Keywords: RSS (RDF Site Summary), XML (eXtensible Markup language), CML (Chemical Markup language), Semantic Web, News alerts.
It is appropriate after almost exactly ten years of Web-based publishing to assess what this revolution has meant for the dissemination of scientific and chemical information. Well in excess of 2 billion documents, of which perhaps 5% have some scientific content, have been generated (authored is perhaps putting it a trifle too strongly). To this one must add a limitless number of "virtual" documents generated dynamically upon request. Even within a relatively specialised discipline such as chemistry, the effect upon a human can be overwhelming; keeping up with the literature has evolved from a weekly browse of the tables of content of perhaps ten key paper-based journals to having to visit a much larger number of computer-based Web sites. It might be fair to say that many humans are not coping too well! Ironically of course, computers are much more efficient than humans at scouring a large number of information sources in an error, boredom-free and periodic manner; the challenge is merely in specifying what it is they should be on the lookout for. The first generation Web (circa 1993-present) turns out in retrospect to have been rather unsuited to this task. This is not actually the fault of the original design, merely a facet of how it was (or more accurately was not) implemented. The key omission was meta-data, this being a concise and structured declaration of the content model of the document.
Before this last topic is elaborated, its worth noting the "Google phenomenon", an index of the entire Web which for most scientists renders it actually useful as a scientific information source.1 Thus the erstwhile need to constantly "bookmark" key locations found by a possibly accidental and probably not reproducible path, is now productively replaced by being able to rely on Google to find information based on a few choice key words.
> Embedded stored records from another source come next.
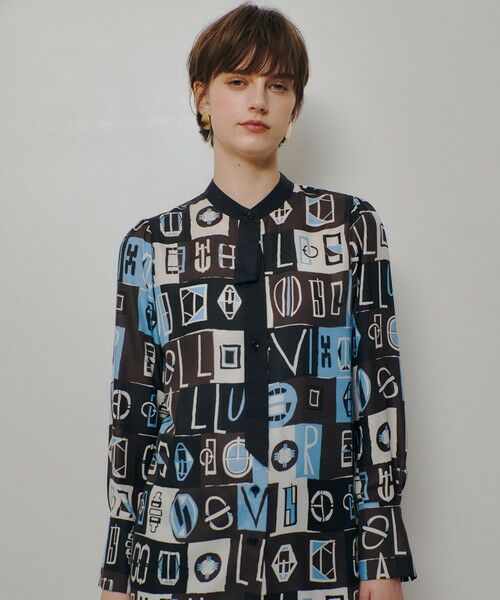 allureville / アルアバイル シャツ・ブラウス | パッチワークプリントボウブラウス | 詳細10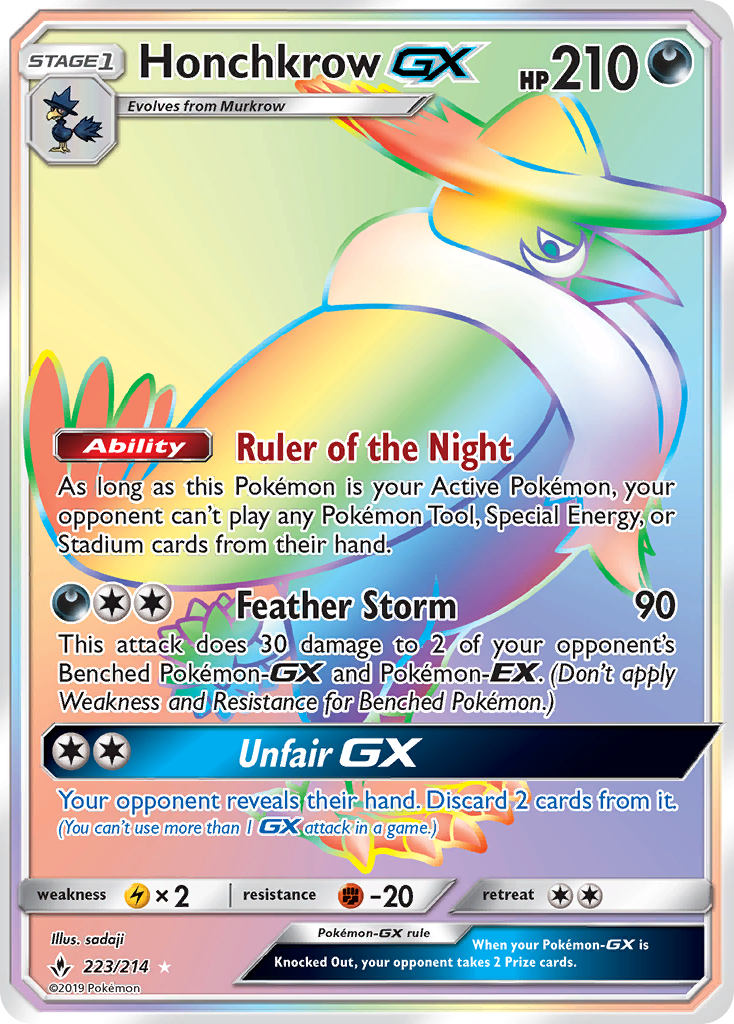 Honchkrow GX (223/214) [Sun & Moon: Unbroken Bonds] | Dragon's Lair Comics and Fantasy Houston TX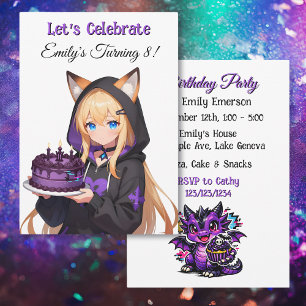 Convites Festa de Aniversário de Menina Anime Fofa e Garota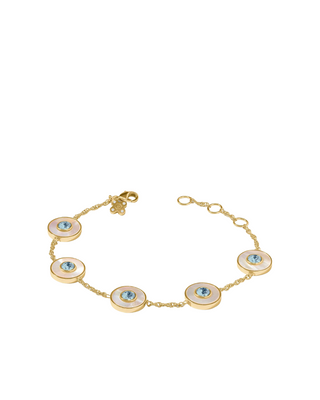 Colette Circle Delicate Bracelet- Gold- Chalcedony Blue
Google augments this with additional meta-information derived from choices made by earlier searchers using the same key words; in effect a coarse but gradually accumulating peer review mechanism which naturally selects the survival of the fittest information.
The original and still current Web, Google not withstanding, in practice contains very little overtly structured information in the form of declared meta-data; this may be simply the title of a document and little else. The human authors of most documents have either cared little or knew little about the relatively arcane mechanisms the original designers of e.g HTML had put in place to capture meta-data. This is something of a chicken and the egg issue; the average chemist has hitherto had no compelling reason to learn these arcane methods, preferring instead to focus on chemical applications and doing what they do best! The consequence has been that the Web has not fulfilled its anticipated potential for "serendipity", or the art of accidental and fortuitous discovery of unexpected information. This is still an act expected to be achieved by humans exercising their perceptive skills and not by computers.
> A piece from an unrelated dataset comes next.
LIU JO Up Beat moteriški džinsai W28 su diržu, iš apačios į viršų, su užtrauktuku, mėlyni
At this point in the discourse we introduce RDF-based Site Summary or RSS (acronyms can indeed be successful at capturing the world's imagination, viz HTML!). This is a simple but powerful XML-based implementation of meta-data of which (like HTML) the arcane aspects can be hidden behind user-friendly software referred to variously as a news reader, aggregator or RSS client. RSS grew out of an idiosyncratic phenomenon known as Web logging. Web Logs (now known as "Blogs") are essentially personalized Web servers containing chronologically organised items of information. Four items of meta-data are implicit and indeed mandatory in a Web Log; the identity of the author, the date of each item, a brief description of it and how to link to it. The "blogging" community perceived the need to summarise Blogs using such meta-data and then to broadcast these summaries in a manner which allowed "aggregation" of themes into larger "channels" of such information, and thence into syndication; a procedure not very different from e.g. newspapers or broadcast television. This process in due course merged with another and rather more formal vision of evolving the homogeneous unstructured Web into a Semantic Web,3 where in addition to meta-data, information is carried which allows machines to process documents without the necessity of human intervention. The resulting fusion has resulted in a formal XML-based specification known as RSS2, which is supported by ready availability of RSS-aware software which can act upon the contents of such RSS files. The remainder of this article shows an example of how RSS is currently applied and used, and follows with a call for its application in chemistry and a scenario of how it might be applied in this subject in the future.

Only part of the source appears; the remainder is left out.